It was originally thought by the applicant that the vertical fracture
method required, for most effectiveness, a serpentine or meandering
resistive film (resistor) pattern. It has, however, since been learned
that the method is also very effective relative to solid (continuous over
a substantial area) deposits of resistive material, as subsequently
described relative to FIGS. 5-8.
Further in accordance with the method, a particular pattern of what is for
convenience called "cold regions," or "cold areas, " or "cold arms, " is
intentionally and deliberately created (provided) for the purpose of
directing the thermal stress to cause the stated generally vertical
fracture of the substrate 10, and thus achieve the "fuse" action described
above and below. It is to be understood that there is no generation of
"cold" in the refrigeration sense, but instead the absence of generation
of heat during high electrical overloads in certain parts of the frontside
of the substrate.
The pattern of frontside cold--meaning relative cold in relation to
frontside--heated areas--is U-shaped, with the U opening upwardly and
having its base at the bottom edge region of the substrate.
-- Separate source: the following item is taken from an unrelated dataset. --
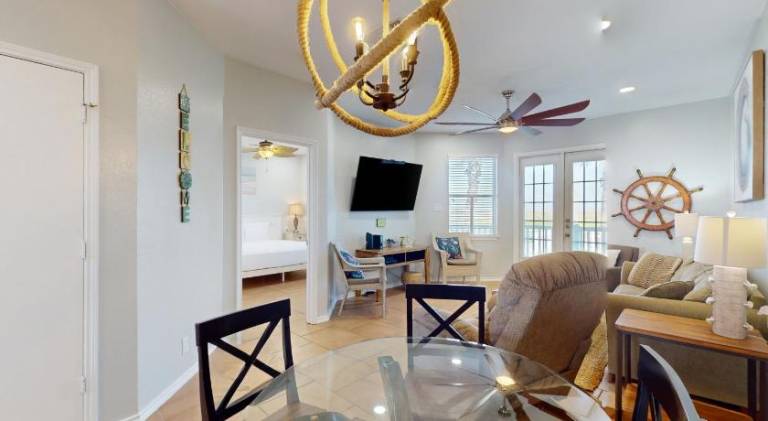 Apartment with pool — photo 2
To state the method in another way, there is intentionally created what may
be termed "U-shaped containment" of a heat--generating area. When an
electrical high overload occurs, the heat-generating area defined within
the stated U-shaped region--namely, the area between the vertical cold
arms of the U--rapidly expands due to the resistor heating and the thermal
coefficient of expansion of the ceramic substrate material. This causes
increasing strain in the ceramic between the arms of the U due to the
thermal contrast in the cold area and the contained, expanding
heat-generating area.
Further in accordance with the method, any cold region at the top of the
substrate is intentionally made as narrow as practical relative to the
three sides of the U to thereby reduce greatly the possibility of random
breakage as distinguished from generally vertical breakage. Also, in
accordance with the method, the size of the heat-generating area
(frontside heating) is intentionally made sufficiently large to achieve
the stated expansion of a relatively large area (proportion) of the
substrate. Furthermore, and very importantly, each arm of the U is
intentionally made sufficiently wide that the cold there maintains
sufficient thermal contrast--relative to the thermal conductivity of the
substrate--and will contain the heated expanding ceramic so as to result
in the desired thermal stress and the fracture described.
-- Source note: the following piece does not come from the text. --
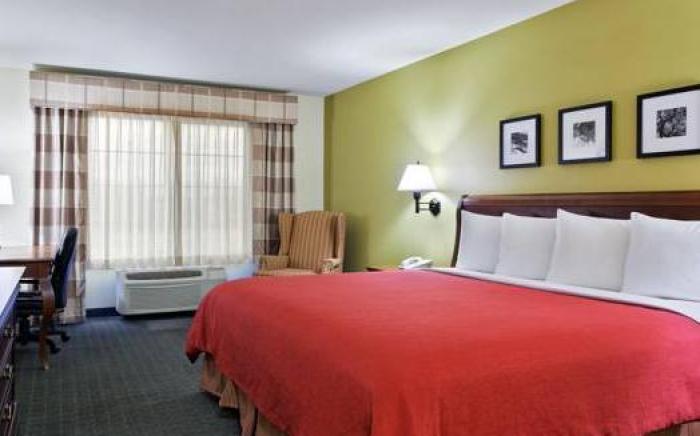 Country Inn & Suites by Radisson, Omaha Airport, IA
The width (horizontal dimension) of each vertical arm of the U is greater
than 0.050 inch, preferably greater than 0.060 inch, and in the preferred
embodiment of the method (and article) is about 0.1 inch.
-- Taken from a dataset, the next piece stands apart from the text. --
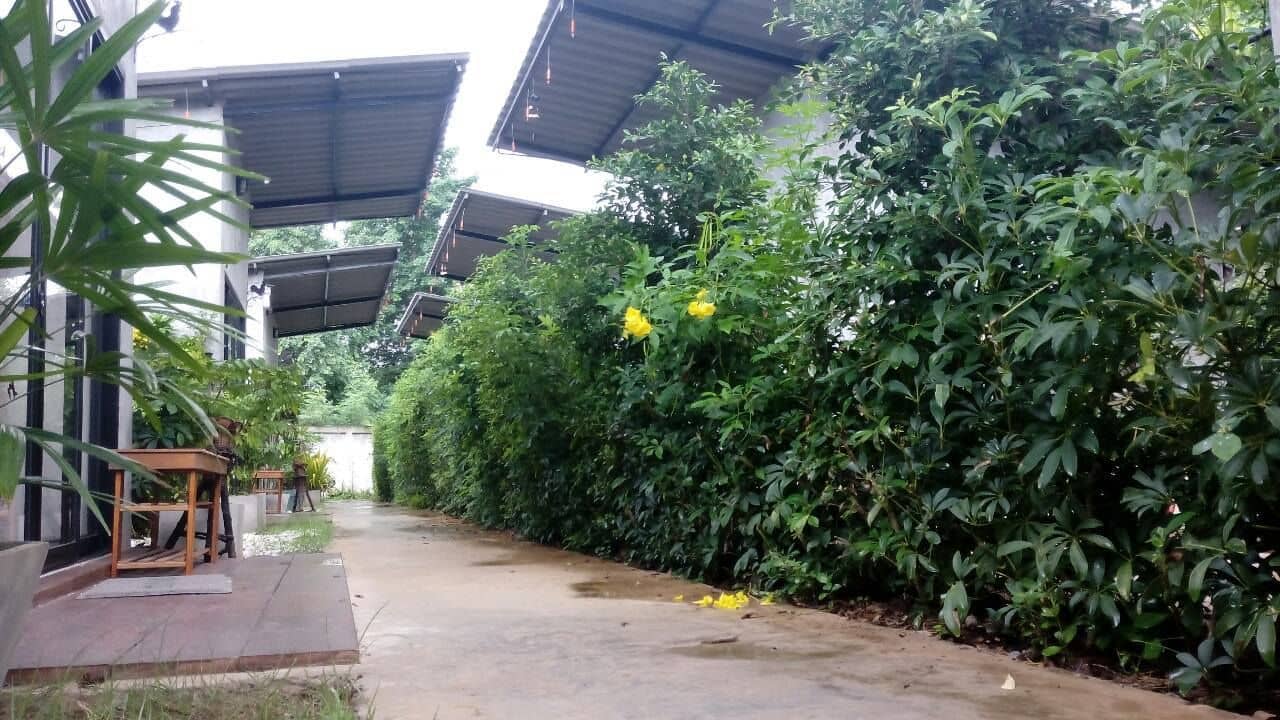 Pran River View Resort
The vertical dimension of the base of each cold U is caused to be
substantially equal to--or somewhat less than--the horizontal dimension of
each cold arm.
It is a feature of the invention that--preferably--use is made of cold
(unheated) space which is often present along the bottom edges of many
resistors for purposes of terminal attachment, to form the base of each U.
This increases the efficiency of utilization of substrate area.
In a form of the invention that is not presently preferred--one reason
being that it does not permit many film patterns, or efficient use of
substrate area, the cold area is V-shaped instead of U-shaped or
substantially U-shaped. With a V-shaped cold region, the resistive film
within the V is normally serpentine, the runs of which progressively
change in length.
Description of Method and Article of FIGS. 1 and 2
In FIG. 1 there is shown the frontside of a resistor making use of the
U-shaped containment described above. In the present example, the backside
is plain--having no film or overglaze but only blind metalization pads for
use in soldering of the terminals.
A generally square substrate 10 has terminals 11, 12 stiffly connected
thereto as by solder, the terminals in turn being mechanically and
electrically connected to circuit board CB.
A serpentine pattern 14 of resistive film, having vertical runs in the
present embodiment, is screen-printed onto the frontside of substrate 10.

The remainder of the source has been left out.